For everyone who feels that privacy goes out the window just because you're in a relationship: Cut that mess out, seriously. Your smartphone or IPhone isn't off-limits just because you're involved with someone. It has nothing to do with hiding anything, it's all about privacy. Your mate doesn't need to know every nook & cranny of what you're doing. It's not possible to keep tabs on your mate 24-7 unless you're unemployed, and even then they'll still do what they want. When you reach a point where you have to go through your (wo)man's phone, it's time to end that relationship. No one has time to be checking text messages, screening calls, going through Facebook and Twitter conversations, etc. I don't have time for that. If I'm doing what I'm supposed to do to keep a smile on my woman's face, and she's still not happy, there's the door. I'm not going to play detective to figure out what's wrong with her, I'm done. A (wo)man shouldn't have to play detective just to find out if their (wo)man is cheating. If you think (s)he's cheating, most likely they are. Either they don't care if you find out, or they're covering their tracks. The point is: You can give someone 1000 reasons to smile, but some people will never be satisfied.
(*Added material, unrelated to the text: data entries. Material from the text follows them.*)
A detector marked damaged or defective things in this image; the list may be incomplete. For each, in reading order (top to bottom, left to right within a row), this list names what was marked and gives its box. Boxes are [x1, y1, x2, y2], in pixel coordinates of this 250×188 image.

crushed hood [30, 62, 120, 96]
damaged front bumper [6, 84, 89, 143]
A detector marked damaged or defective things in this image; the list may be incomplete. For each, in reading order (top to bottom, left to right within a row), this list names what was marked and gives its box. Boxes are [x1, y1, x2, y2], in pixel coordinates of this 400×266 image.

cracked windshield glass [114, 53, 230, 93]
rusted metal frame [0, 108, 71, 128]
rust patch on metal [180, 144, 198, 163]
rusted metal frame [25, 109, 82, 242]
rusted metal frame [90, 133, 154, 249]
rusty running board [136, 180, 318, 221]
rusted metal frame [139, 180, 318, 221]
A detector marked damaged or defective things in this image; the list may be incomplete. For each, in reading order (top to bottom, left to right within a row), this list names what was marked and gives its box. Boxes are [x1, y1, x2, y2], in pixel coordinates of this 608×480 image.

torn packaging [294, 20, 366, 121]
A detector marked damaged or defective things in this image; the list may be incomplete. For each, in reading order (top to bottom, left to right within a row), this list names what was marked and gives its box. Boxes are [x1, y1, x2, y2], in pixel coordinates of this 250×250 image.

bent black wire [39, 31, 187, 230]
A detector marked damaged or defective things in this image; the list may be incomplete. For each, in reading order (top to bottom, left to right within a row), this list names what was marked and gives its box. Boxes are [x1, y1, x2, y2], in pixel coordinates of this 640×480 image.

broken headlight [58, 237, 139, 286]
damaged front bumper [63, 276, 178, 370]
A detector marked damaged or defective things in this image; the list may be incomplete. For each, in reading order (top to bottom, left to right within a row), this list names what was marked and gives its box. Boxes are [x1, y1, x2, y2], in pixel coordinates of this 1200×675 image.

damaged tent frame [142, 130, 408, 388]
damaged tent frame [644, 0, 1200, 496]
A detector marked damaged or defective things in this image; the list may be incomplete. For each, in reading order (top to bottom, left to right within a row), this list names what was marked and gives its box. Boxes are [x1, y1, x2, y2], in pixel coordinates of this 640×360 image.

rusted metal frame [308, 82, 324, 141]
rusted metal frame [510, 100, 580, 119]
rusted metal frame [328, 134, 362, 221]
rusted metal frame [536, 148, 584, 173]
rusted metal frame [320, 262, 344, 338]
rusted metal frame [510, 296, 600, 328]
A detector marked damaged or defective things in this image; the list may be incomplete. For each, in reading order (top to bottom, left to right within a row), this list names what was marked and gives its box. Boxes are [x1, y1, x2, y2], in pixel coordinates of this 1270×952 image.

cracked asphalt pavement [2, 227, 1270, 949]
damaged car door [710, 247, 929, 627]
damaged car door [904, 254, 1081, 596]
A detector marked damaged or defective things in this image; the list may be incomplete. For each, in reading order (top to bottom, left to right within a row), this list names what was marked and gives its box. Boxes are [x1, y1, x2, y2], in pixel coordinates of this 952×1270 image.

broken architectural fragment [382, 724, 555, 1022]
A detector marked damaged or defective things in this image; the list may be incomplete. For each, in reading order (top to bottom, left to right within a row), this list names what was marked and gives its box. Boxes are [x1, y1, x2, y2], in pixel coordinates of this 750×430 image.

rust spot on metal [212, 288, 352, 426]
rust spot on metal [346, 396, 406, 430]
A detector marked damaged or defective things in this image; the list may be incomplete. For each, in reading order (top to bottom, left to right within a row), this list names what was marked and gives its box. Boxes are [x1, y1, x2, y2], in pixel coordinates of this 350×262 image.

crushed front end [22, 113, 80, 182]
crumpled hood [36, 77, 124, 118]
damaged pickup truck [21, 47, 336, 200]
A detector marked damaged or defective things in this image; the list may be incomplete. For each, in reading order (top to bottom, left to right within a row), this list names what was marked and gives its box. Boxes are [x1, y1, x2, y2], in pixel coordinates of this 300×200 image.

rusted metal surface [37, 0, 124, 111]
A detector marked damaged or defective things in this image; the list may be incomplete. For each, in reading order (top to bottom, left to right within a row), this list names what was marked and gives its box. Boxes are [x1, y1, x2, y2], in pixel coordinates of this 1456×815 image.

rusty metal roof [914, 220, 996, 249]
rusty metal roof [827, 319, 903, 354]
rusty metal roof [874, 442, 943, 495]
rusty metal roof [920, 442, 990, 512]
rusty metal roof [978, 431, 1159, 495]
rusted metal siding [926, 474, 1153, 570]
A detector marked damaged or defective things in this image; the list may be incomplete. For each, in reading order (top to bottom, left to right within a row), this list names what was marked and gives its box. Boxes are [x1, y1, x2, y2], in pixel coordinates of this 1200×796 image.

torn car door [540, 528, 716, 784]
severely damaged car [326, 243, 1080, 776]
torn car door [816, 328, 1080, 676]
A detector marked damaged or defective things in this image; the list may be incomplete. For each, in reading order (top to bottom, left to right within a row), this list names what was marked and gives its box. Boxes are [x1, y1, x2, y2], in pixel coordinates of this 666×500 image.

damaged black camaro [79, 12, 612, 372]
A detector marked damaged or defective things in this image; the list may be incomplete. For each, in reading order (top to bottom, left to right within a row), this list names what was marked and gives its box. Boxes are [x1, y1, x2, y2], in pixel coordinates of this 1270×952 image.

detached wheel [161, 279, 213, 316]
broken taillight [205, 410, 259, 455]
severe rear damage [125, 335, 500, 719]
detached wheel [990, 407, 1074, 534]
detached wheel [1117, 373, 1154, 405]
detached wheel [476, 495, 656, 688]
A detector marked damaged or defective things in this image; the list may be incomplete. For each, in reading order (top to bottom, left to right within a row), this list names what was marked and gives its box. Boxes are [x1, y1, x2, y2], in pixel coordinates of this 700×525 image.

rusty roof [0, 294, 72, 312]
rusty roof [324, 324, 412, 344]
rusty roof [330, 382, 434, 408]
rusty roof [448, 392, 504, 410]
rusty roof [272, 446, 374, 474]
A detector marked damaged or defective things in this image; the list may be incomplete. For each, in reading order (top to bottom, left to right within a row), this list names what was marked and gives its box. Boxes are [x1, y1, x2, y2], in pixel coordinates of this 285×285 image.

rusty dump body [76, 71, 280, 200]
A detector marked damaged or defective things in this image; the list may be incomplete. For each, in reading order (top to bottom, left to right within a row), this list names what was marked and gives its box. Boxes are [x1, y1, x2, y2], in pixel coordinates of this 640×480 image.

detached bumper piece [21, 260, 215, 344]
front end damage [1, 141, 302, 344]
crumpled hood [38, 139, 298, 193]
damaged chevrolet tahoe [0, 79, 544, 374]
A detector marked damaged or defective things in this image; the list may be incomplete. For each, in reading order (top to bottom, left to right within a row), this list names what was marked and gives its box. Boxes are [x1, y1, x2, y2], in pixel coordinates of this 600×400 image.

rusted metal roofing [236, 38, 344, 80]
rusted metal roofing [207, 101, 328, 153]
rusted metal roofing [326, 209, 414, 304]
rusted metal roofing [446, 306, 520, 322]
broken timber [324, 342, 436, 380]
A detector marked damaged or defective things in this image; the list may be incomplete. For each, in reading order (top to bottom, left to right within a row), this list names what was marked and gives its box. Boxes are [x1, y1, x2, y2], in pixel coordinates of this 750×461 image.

It's best to leave those toxic people alone because all they're going to do is drag you down with them. Some relationships are doomed from the beginning, but the people stay because one or both parties feel they don't deserve better. Time out for all that Sherlock Homes investigation type stuff in relationships. If you can't trust your (wo)man, you have no business being with them. That's All For Today.

Aug 28, 2014

Sip & See

Sip & See must be another term for gossiping, at least that's what I gathered from a previous Preachers Of L.A. episode. The first ladies got together for sipping and seeing what's going on with who. As usual, Loretta and Bishop Jones relationship was the central topic. If you're the topic of discussion for whatever reason, that means you're popular. The irony is that the First Ladies had it out for Loretta since day 1. They have issue(s) with Bishop Jones and Loretta's relationship. Just because the other 1st ladies are married, that doesn't mean every woman desires marriage. You have some people that are better off as friends, and that's fine. Not everyone is cut out for marriage, and given the divorce rate, I see why. Loretta shut that down quick. In a roundabout way, she told the rest of those meddling hens to fall back. What she and Bishop Jones do is their business, although I will say this: When did a man and woman that's supposedly friends, start kissing? When Bishop Jones and Loretta greeted each other last night (I didn't see much of last night's Preachers of LA because I fell asleep), they smooched for a second and went on their way. Kissing is an intimate act between a committed couple. I never knew friendship between a man & woman involved kissing, but I digress. Being a Bishop is a high profile job, and everything you do is analyzed to the T: Who you're with, what you're doing, and so on. Because Bishop Jones, Ron Gibson, Wayne, Jay, Deitrick and others are in the spotlight, they travel in the same circles so the slightest situation will get around. I said all that to say this: Sip & See is just another fancy term for getting involved in someone's business.

Gentle Parenting

  Gentle parenting breeds disrespectful & entitled kids.🀦🏾😎I’m glad I was raised old-school.